Maturity Level pada Diri Manusia (Refleksi Risk-Based Internal Auditing)

7 Agustus 2020   20:55 Diperbarui: 7 Agustus 2020   21:32 321
+
Laporkan Konten
Laporkan Akun
Kompasiana adalah platform blog. Konten ini menjadi tanggung jawab bloger dan tidak mewakili pandangan redaksi Kompas.
Lihat foto
Ilustrasi : kanbanize.com

Beberapa bulan terakhir saya mencoba untuk mendalami konsep risk maturity di dalam organisasi (publik) khususnya dalam RBIA (Risk Based Internal Auditing). Secara umum dalam menilai/ mengevaluasi kinerja dari sebuah organisasi perlu untuk memahami tingkat kedewasaan/ kematangan (maturity) manajemen risiko diterapkan oleh organisasi tersebut.

Apabila level kematangan dan kesadaran manajemen risiko organisasi itu masih level 0, tentu tidak bisa kita evaluasi sebagaimana organisasi yang sudah sadar sepenuhnya akan manajemen risiko di dalam organisasi. Pihak yang mengevaluasi perlu memberikan semacam tuntunan/asistensi terlebih dahulu supaya organisasi itu betul-betul sadar hingga memiliki kedewasaan betapa pentingnya manajemen risiko dalam pencapaian tujuan organisasi, tanpa mengambil alih kesadaran dari organisasi tersebut.

Setelah organisasi memiliki kesadaran dan masuk pada level kematangan yang 'bisa dimintai pertanggungan jawab' maka layaklah pihak lain mencoba untuk menilai organisasi tersebut. Itulah kemudian yang membuat pihak penilai perlu memahami bagaimana maturity dari organisasi yang akan dia nilai karena bagaimanapun penilai/auditor tidak bisa mengambil standar sepihak tanpa memperhatikan model bisnis, tujuan, hingga kematangan manajemen risiko organisasi tersebut.

Itulah sekilas uraian 3 paragraf hasil rangkuman belajar saya terhadap konsep Risk Based Internal Auditing, yang mana ketika saya belajar konsep tersebut mudah sekali bagi saya kemudian untuk merefleksikan bagaimana pengawasan atau audit itu dilakukan oleh Allah (Red : Tuhan - atau Apapun sebutan pada agama masing-masing pembaca) kepada ciptaan-Nya, manusia, ya seperti kita-kita ini.

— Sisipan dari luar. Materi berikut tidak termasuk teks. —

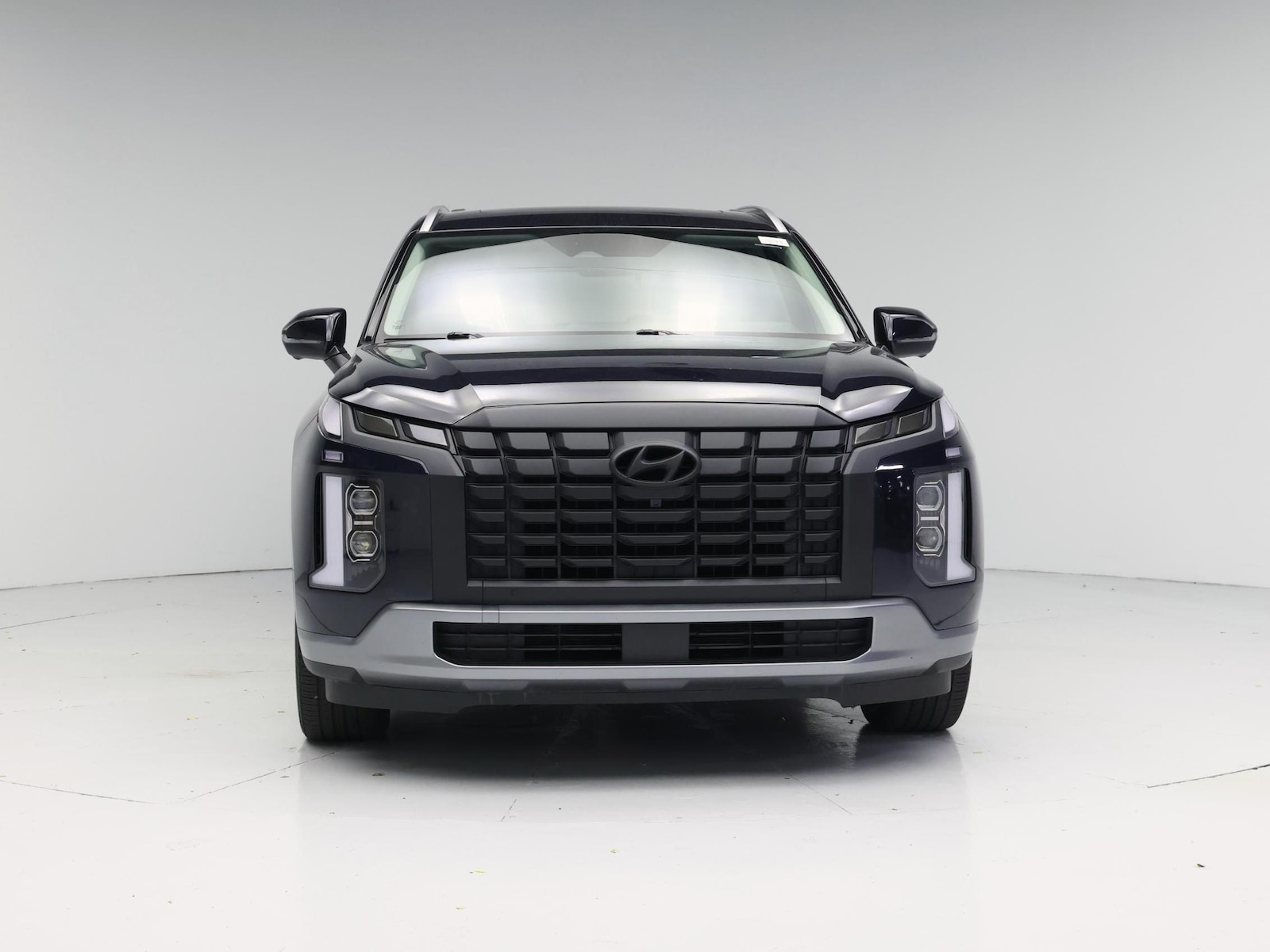 2025 Hyundai Palisade Limited - Photo 6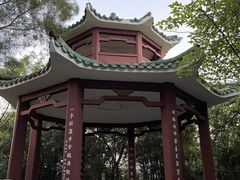 -顺峰山公园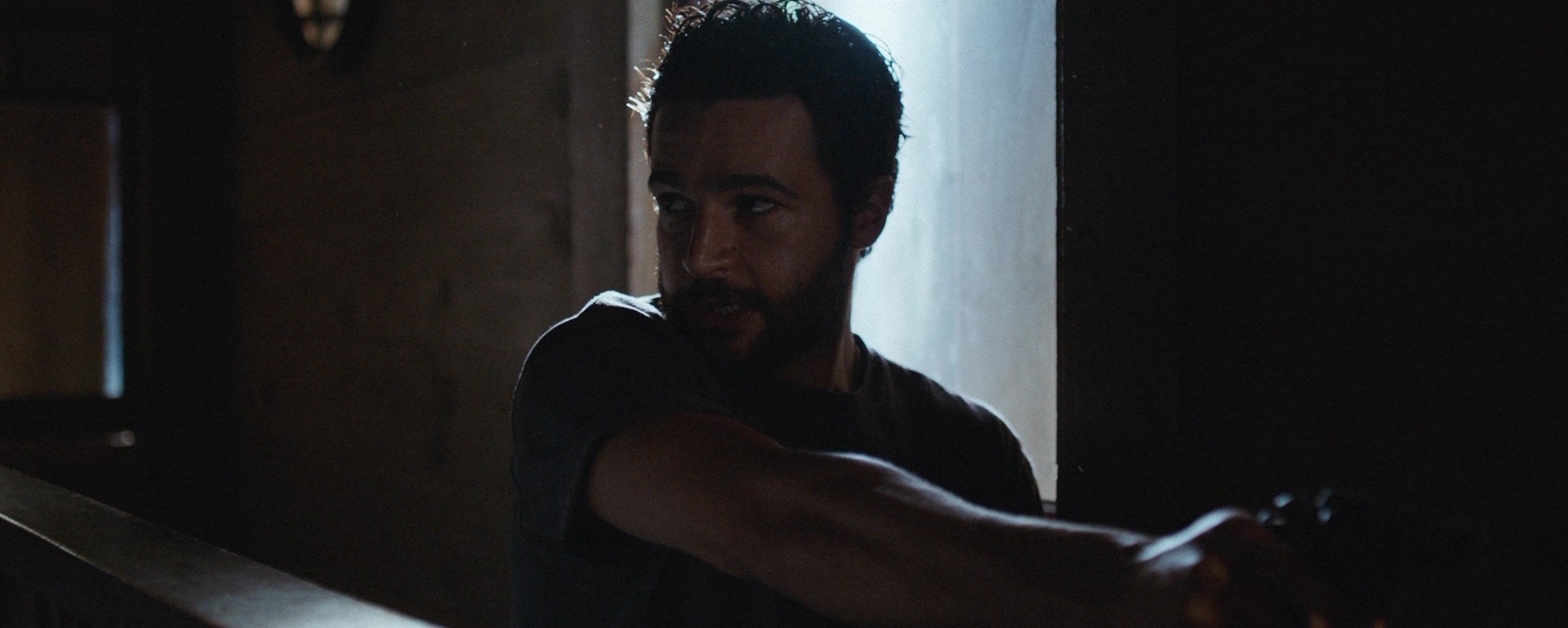 It Comes at Night (2017) —  shot,  lighting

Manusia yang belum memiliki maturity biasa kita sebut masa bayi hingga anak-anak (maturity level 0), masa di mana kita belum sadar sepenuhnya terhadap apa yang kita lakukan, belum mampu berpikir secara jernih mengenai konsekuensi tindakan-tindakan yang mereka lakukan, dalam konsepsi Islam biasa dikenal dengan istilah belum mumayyiz. Sehingga dalam usia ini Allah belum mencatat dosa-pahala yang mereka lakukan karena apa yang mereka lakukan pun masih belum disadari. Maka dari itu orang tua atau guru menuntun mereka supaya memiliki kematangan berpikir hingga mumayyiz/ masa remaja-dewasa, hingga kemudian Allah mulai mencatat segala amalan mereka.

Tidak hanya anak-anak, maturity level 0 juga terkadang dimiliki oleh orang dewasa dengan gangguan khusus seperti hilang akal atau ODGJ (Orang Dengan Gangguan Jiwa) yang sudah kehilangan kemampuan untuk menyadari dirinya sendiri. Sehingga Allah pun tidak mencatat amalan mereka.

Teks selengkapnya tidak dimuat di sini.